OpenTofu module specifics

In this project modules are organized according to these rules:

  • tofu/main/* contains the main tf files that specify whole testing environments
    • there is one subdirectory per platform (eg. aws, azure, harvester)
  • tofu/modules contains reusable modules that can be used in multiple environments
    • modules in the tofu/modules/generic directory are platform-agnostic
    • modules in other directories are platform-specific (eg. aws, azure, harvester)
  • modules are consistently named according to the concept they represent:
    • node: a Linux VM capable of SSH login
      • node_variables is a block of variables passed as-is from main to a platform-specific node module. It contains all details to create the VM that are specific to that one VM
    • cluster: a Kubernetes cluster - possibly a set of nodes with a distribution installed, or a managed service
    • network: anything that is shared among clusters and nodes and allows them to work together (actual networks, firewalls, rules, bastion hosts...)
      • network_configuration is a block of outputs passed as-is from a platform-specific network module to node modules of the same platform. It contains details that are common to all VMs
    • test environment: an upstream cluster, any number of downstream clusters and a tester cluster, all glued together with a single network
    • everything else, typically generic software that can be installed onto nodes

Assumptions:

  • Deployed nodes and clusters are reachable either directly or via an SSH bastion host from the machine running OpenTofu
  • Deployed nodes and clusters will be able to reach one another with the same domain names, from the same network. That network might not be the same network of the machine running OpenTofu
  • Deployed clusters may or may not be directly reachable from the machine running OpenTofu. In the current aws implementation, for example, all access goes through an SSH bastion host and tunnels, but that is an implementation detail and may change in future. For new platforms there is no requirement - clusters might be directly reachable with an Internet-accessible FQDN, or be behind a bastion host, Tailscale, Boundary or other mechanism

Vendored binaries

Dartboard vendors binaries it uses like OpenTofu, kubectl and Helm. These are decompressed and stored in the .bin directory at runtime.

Dart files

YAML files in the darts/ subdirectory represent full environments and contain all configuration to run a test. That includes:

  • tofu_main_directory: a pointer to a main directory for OpenTofu modules
  • tofu_variables: a block of variables passed as-is to OpenTofu
  • any other test-specific variables

Hacks and workarounds

In some situations we want to add code which "uncleanly" works around bugs in other software or limitations of some kind.

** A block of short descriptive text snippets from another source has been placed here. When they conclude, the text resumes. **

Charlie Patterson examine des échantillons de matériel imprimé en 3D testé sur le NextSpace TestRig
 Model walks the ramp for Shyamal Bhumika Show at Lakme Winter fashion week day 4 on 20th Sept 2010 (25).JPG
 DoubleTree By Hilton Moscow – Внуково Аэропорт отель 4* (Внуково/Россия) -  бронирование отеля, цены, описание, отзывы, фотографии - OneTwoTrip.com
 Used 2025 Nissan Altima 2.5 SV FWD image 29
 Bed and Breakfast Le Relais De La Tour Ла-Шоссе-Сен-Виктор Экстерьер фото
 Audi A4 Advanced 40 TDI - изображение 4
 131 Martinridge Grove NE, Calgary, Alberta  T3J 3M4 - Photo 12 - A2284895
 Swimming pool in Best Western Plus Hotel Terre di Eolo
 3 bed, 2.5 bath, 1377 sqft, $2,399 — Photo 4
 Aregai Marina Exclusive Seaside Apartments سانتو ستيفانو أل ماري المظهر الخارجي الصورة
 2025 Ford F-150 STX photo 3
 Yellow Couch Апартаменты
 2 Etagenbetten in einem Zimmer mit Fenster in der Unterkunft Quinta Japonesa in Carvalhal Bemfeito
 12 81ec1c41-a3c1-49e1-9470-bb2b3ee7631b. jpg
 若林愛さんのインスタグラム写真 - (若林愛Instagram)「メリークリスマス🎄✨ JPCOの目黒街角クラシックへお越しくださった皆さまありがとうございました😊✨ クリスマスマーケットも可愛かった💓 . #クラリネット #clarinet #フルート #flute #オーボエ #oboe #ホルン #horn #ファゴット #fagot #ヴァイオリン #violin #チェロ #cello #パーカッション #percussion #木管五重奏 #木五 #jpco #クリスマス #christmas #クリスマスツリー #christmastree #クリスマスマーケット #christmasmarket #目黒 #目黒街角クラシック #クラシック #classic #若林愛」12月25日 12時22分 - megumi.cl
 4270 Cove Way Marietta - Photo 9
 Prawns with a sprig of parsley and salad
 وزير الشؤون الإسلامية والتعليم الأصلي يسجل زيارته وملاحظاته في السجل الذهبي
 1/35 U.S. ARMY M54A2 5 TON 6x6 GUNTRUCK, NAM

Those can be discussed in the PR on a case-by-case basis, but they have to be documented with a comment starting with HACK:, so that they can be tracked later, eg.:

https://github.com/search?q=repo%3Amoio%2Fscalability-tests+HACK%3A&type=code

If at all possible, also include a condition for the removal of the hack (eg. dependency is updated to a version that fixes a certain issue).